In order to answer this question, we must consider the coupling of Earth’s biological networks to their geochemical and atmospheric context. At some level, terrestrial biochemistry should be continuous with terrestrial geochemistry, implying geochemistry should represent the bottom level of life’s hierarchy (Shock and Boyd 2015). In a similar vein, the biosphere’s coupling to atmospheric chemistry has driven the most dramatic planetary scale changes in Earth’s history (Sessions et al. 2009). If this strong coupling between life and its planetary environment is considered fundamental to living processes, the emergence of feedbacks between “life” and environment must be an important process even prior to life’s emergence, perhaps even driving it (Mathis et al. 2017a). To develop quantitative frameworks for understanding the emergence of life as a planetary process, a network theory of biogeochemistry is necessary. One possible mathematical framework for formalizing such a theory is multiplex networks. In a multiplex (or multilayer) network, nodes are connected by different types of edges (to be contrasted with bipartite networks where different types of nodes are connected by edges) (Boccaletti et al. 2014). Multiplex networks are often visualized as several networks layered on top of one another. A multiplex network of planetary chemistry would involve several scales of organization, connecting a network of geochemical reactions (at the “bottom”) to metabolic processes, to atmospheric chemistry (at the “top”). While biochemical networks are well characterized, geochemical networks and atmospheric networks remain relatively unexplored. Some work on the network structure of planetary atmospheres has revealed topological differences between Earth’s atmospheric reaction network and that of other planetary bodies (with atmospheres) in our solar system, such as Mars, Venus, and Titan (Sole and Munteanu 2004; Gleiss et al. 2001); suggestive network theory can distinguish properties of living worlds from those of nonliving worlds.

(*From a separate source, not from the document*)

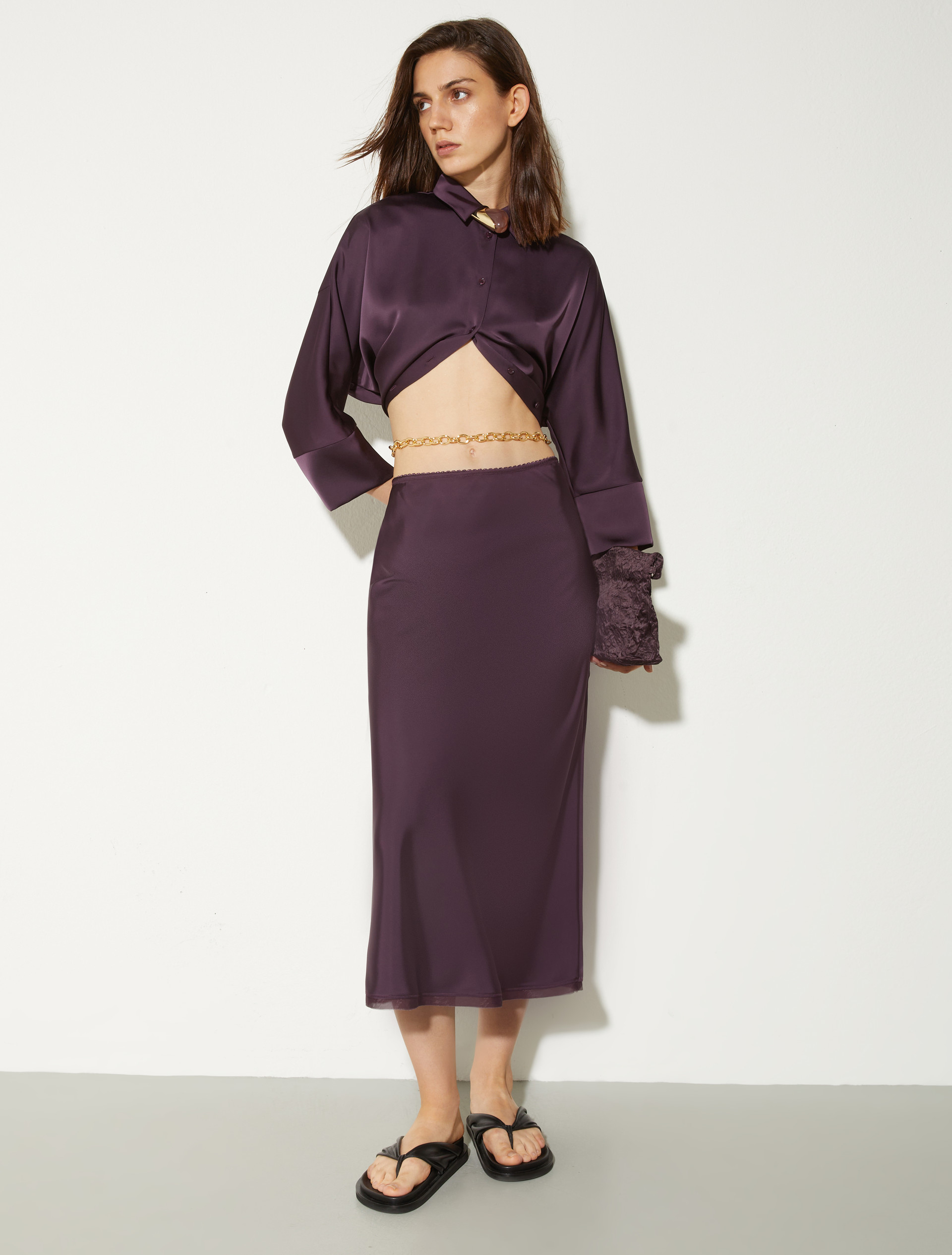 Hemdbluse aus fließendem Satin - AUBERGINE - MAX&Co. - 4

Developing a network theory of planetary (biogeo)chemistry would also allow astrobiologists to incorporate information about exoplanets, such as atmospheric spectra and planetary composition, into a unified framework that will be essential for characterizing alien biosignatures.

10.5 Conclusions

In the last century, prebiotic chemists have focused on identifying the molecular aspects of biochemistry which may have played prominent roles in the origin of life on Earth. However, while there is much debate about whether or not all life will share a common chemistry, it is less debated that life will display some form of organization (Schrodinger 1944). The organizational principles of life likely transcend levels of organization within the biosphere: we see evidence of the role of information in organizing living matter within cells, in intracellular signaling in living tissues, in ecosystems, and in societies. Adopting a view whereby it is the structure of interactions and transformations which defines the living state, and how that is mediated by information, life becomes a property not just of the chemistry within our cells but of the organization of that chemistry. Network science provides a natural quantitative framework to study this. By shifting to a system-level perspective, and embracing the tools of provided by network science, prebiotic chemistry will be able to not only understand the synthesis of molecules relevant to life on the primitive Earth but, perhaps more importantly, how those molecules collectively drove the emergence of the first living systems.